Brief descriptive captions
== Segment start ==

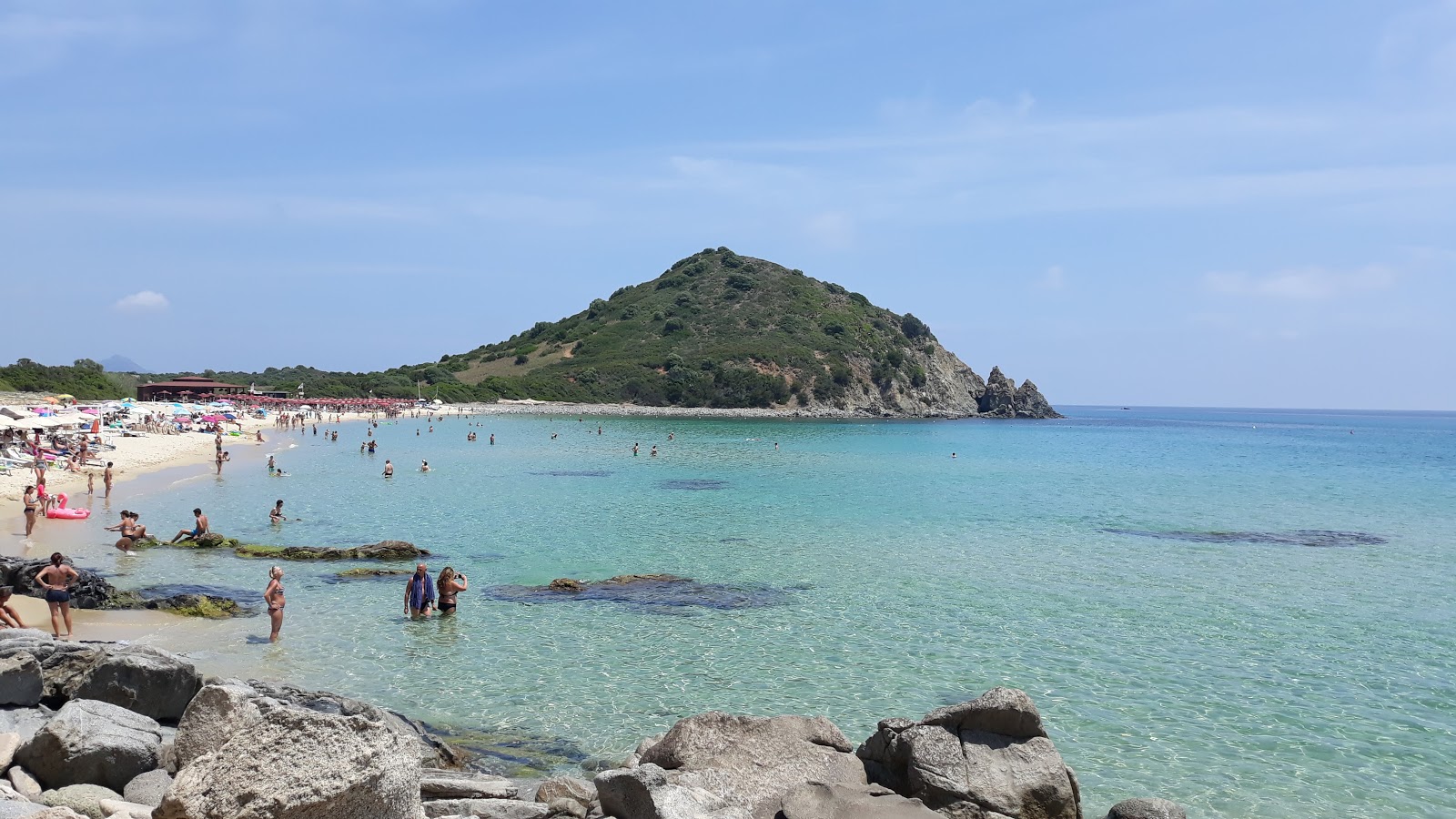 Cala Monte Turno Plajı'in fotoğrafı parlak ince kum yüzey ile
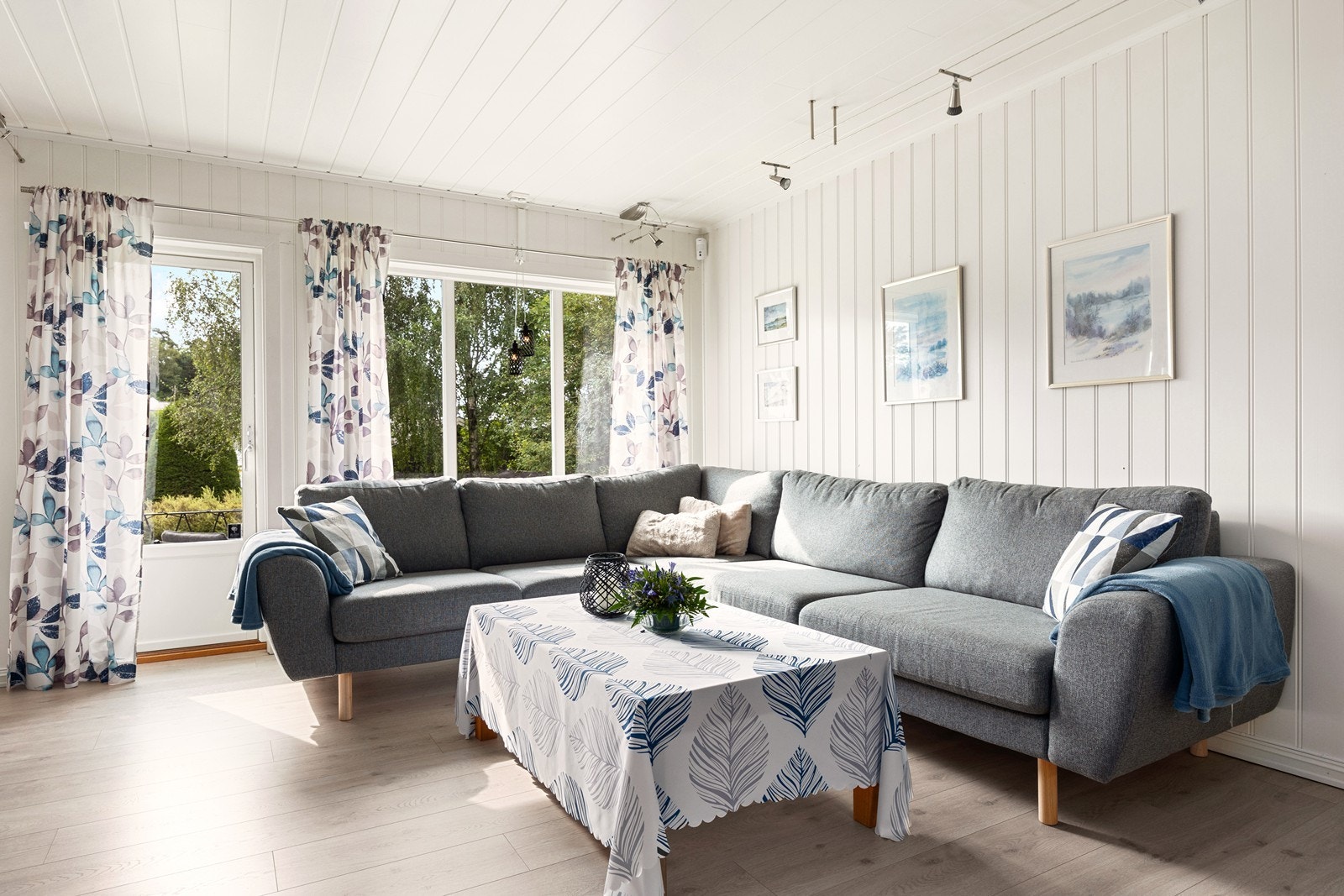 Store vindusflater slipper inn godt med dagslys. Galleribilde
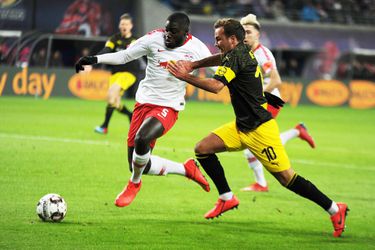 Drama voor RB Leipzig: Dayot Upamecano loopt knieblessure op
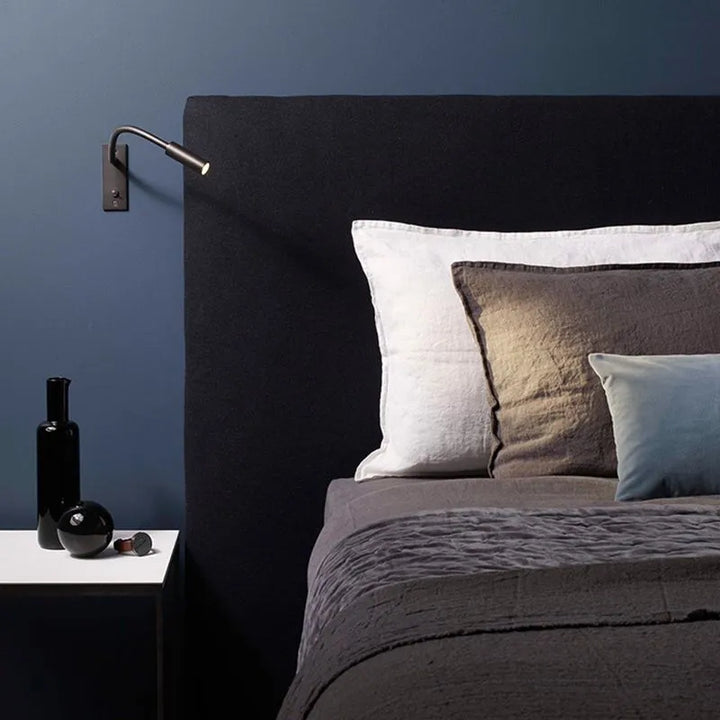 Lampe murale LED flexible en métal pour lecture, chevet, design moderne et lumière chaude.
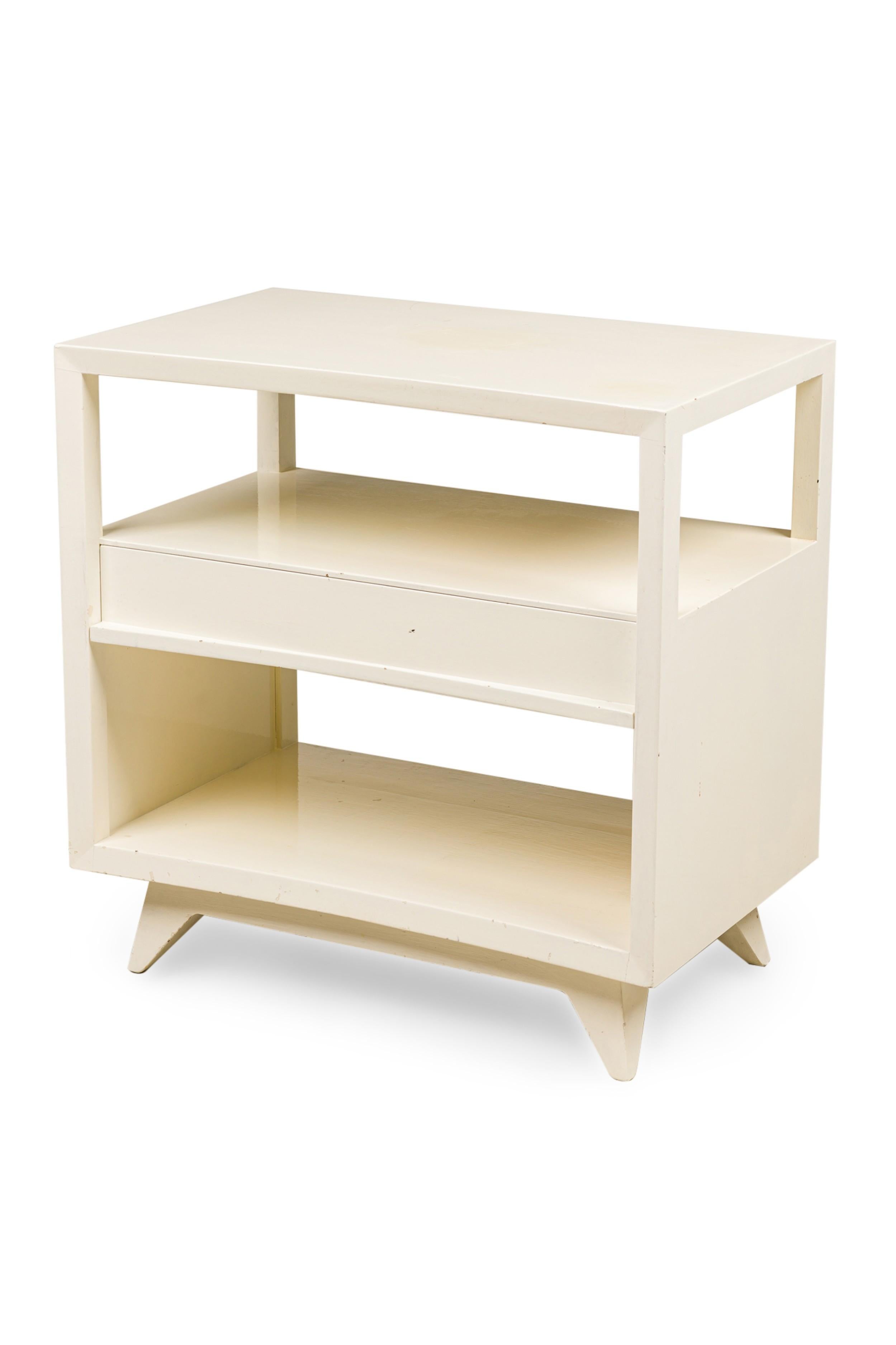 Moderno Coppia di tavolini concavi a due piani di colore bianco AM Contemporary in vendita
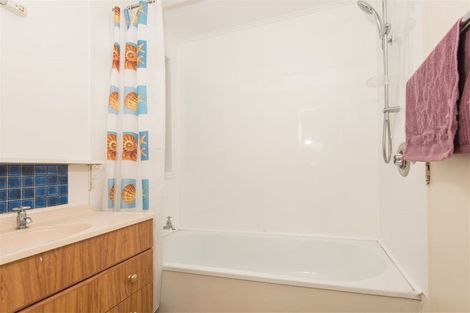 Photo of property in 9/11 Trafalgar Street, Johnsonville, Wellington, 6037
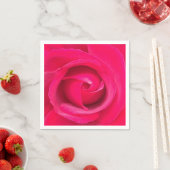 Serviette En Papier Rose rose rouge romantique (En situation)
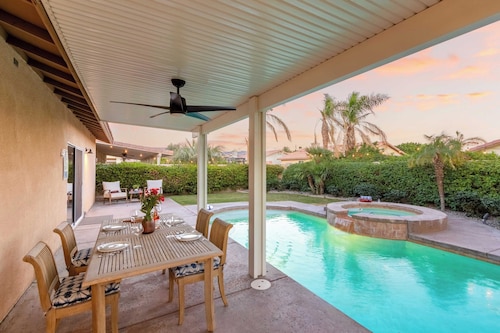 Sunny Palms by Avantstay Near Empire Polo Club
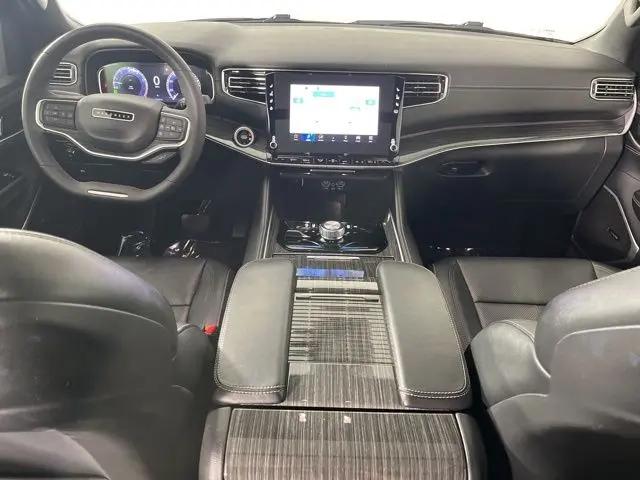 2022 Jeep Wagoneer Series II 4x4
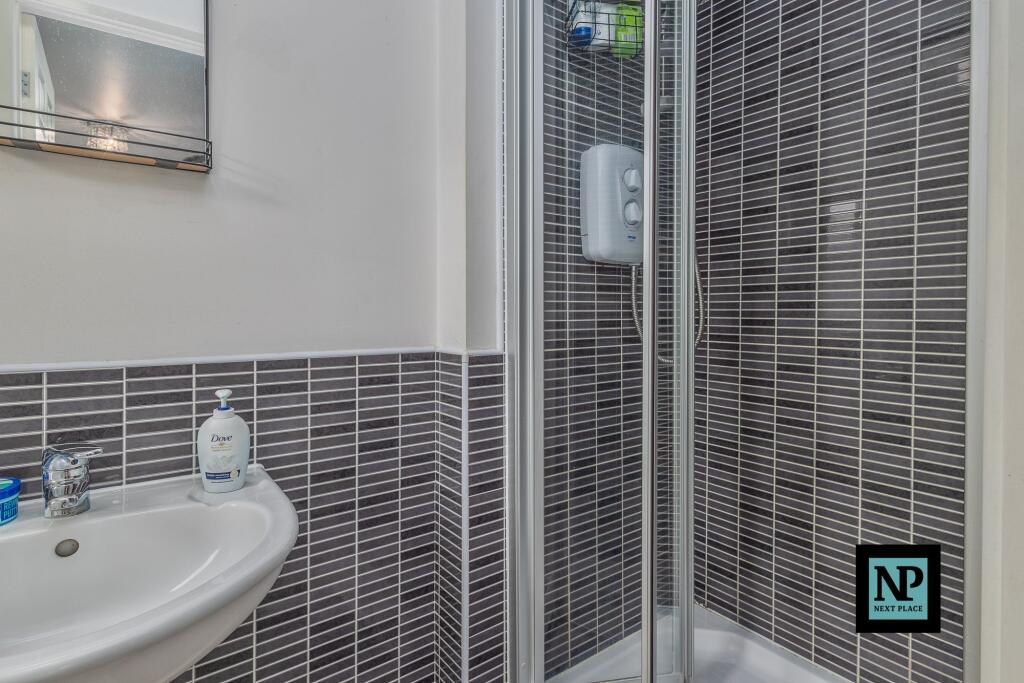 En-suite to Master Bedroom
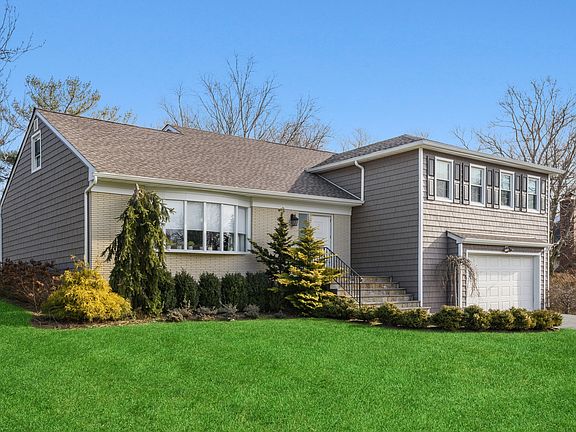 17 Dennis Drive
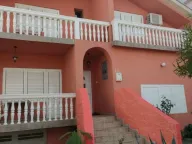 Rent, house, 200m², Stari Aerodrom, Podgorica - image 2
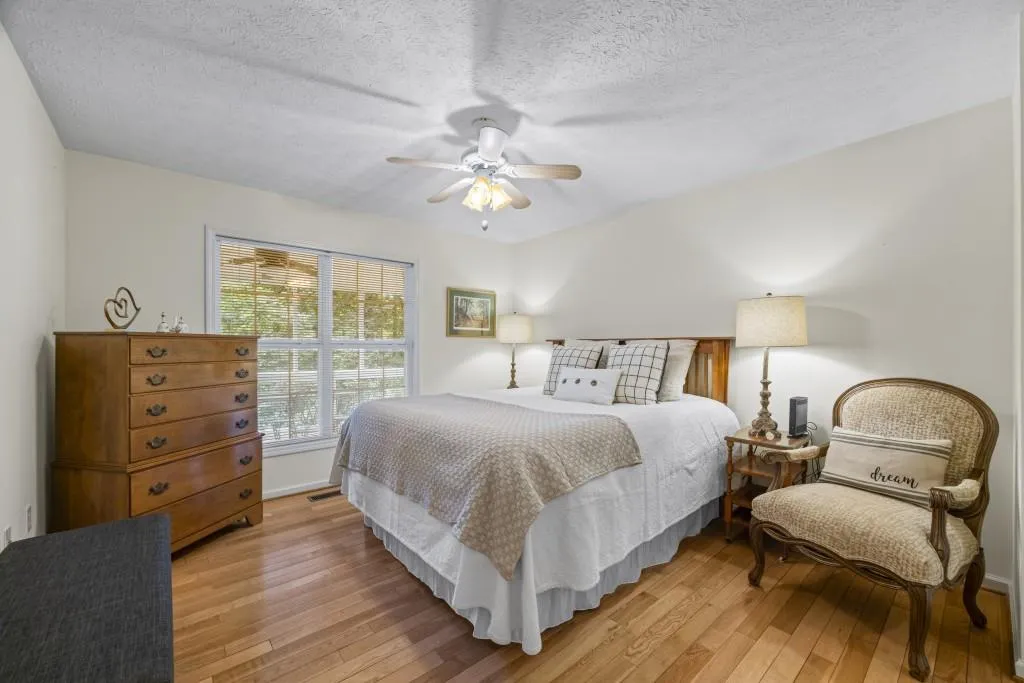 Martin, Georgia 30557, United States, 4 Bedrooms Bedrooms, ,4 BathroomsBathrooms,Residential,Pending,176310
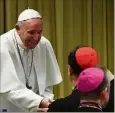  ?? (Photo AFP) ?? Le pape François a convoqué ce sommet pour mettre fin aux ravages de l’omerta.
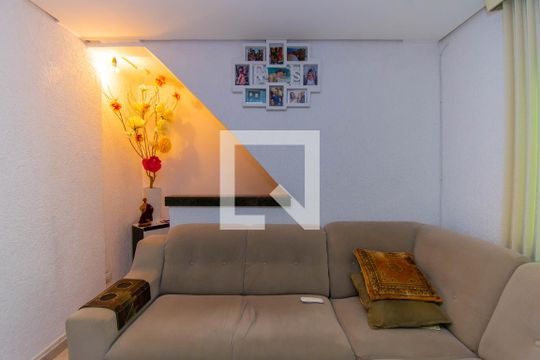 Sala de casa à venda com 3 quartos, 228m² em Vila Ivg, São Paulo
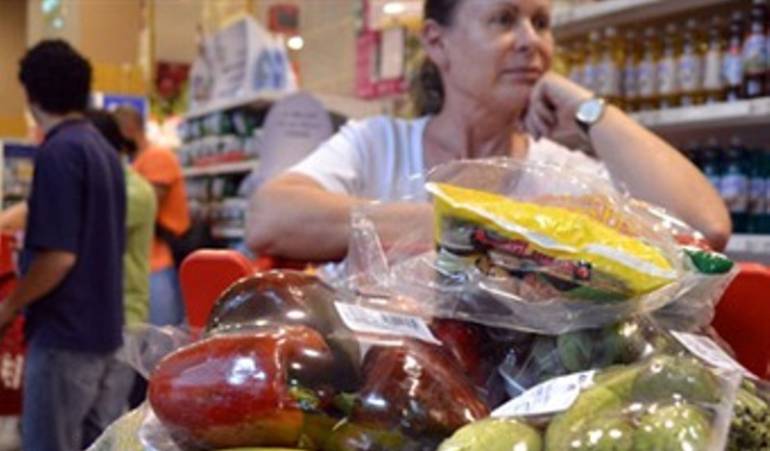 Las amas de casa advirtieron que les va a tocar comprar el día a día porque los mercados mensuales están carísimos.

== Segment end ==

**Exercise prompt**
An exact copy of all the records, free of pictures, is the expected answer.

**Response**
 Cala Monte Turno Plajı'in fotoğrafı parlak ince kum yüzey ile
 Store vindusflater slipper inn godt med dagslys. Galleribilde
 Drama voor RB Leipzig: Dayot Upamecano loopt knieblessure op
 Lampe murale LED flexible en métal pour lecture, chevet, design moderne et lumière chaude.
 Moderno Coppia di tavolini concavi a due piani di colore bianco AM Contemporary in vendita
 Photo of property in 9/11 Trafalgar Street, Johnsonville, Wellington, 6037
 Serviette En Papier Rose rose rouge romantique (En situation)
 Sunny Palms by Avantstay Near Empire Polo Club
 2022 Jeep Wagoneer Series II 4x4
 En-suite to Master Bedroom
 17 Dennis Drive
 Rent, house, 200m², Stari Aerodrom, Podgorica - image 2
 Martin, Georgia 30557, United States, 4 Bedrooms Bedrooms, ,4 BathroomsBathrooms,Residential,Pending,176310
  ?? (Photo AFP) ?? Le pape François a convoqué ce sommet pour mettre fin aux ravages de l’omerta.
 Sala de casa à venda com 3 quartos, 228m² em Vila Ivg, São Paulo
 Las amas de casa advirtieron que les va a tocar comprar el día a día porque los mercados mensuales están carísimos.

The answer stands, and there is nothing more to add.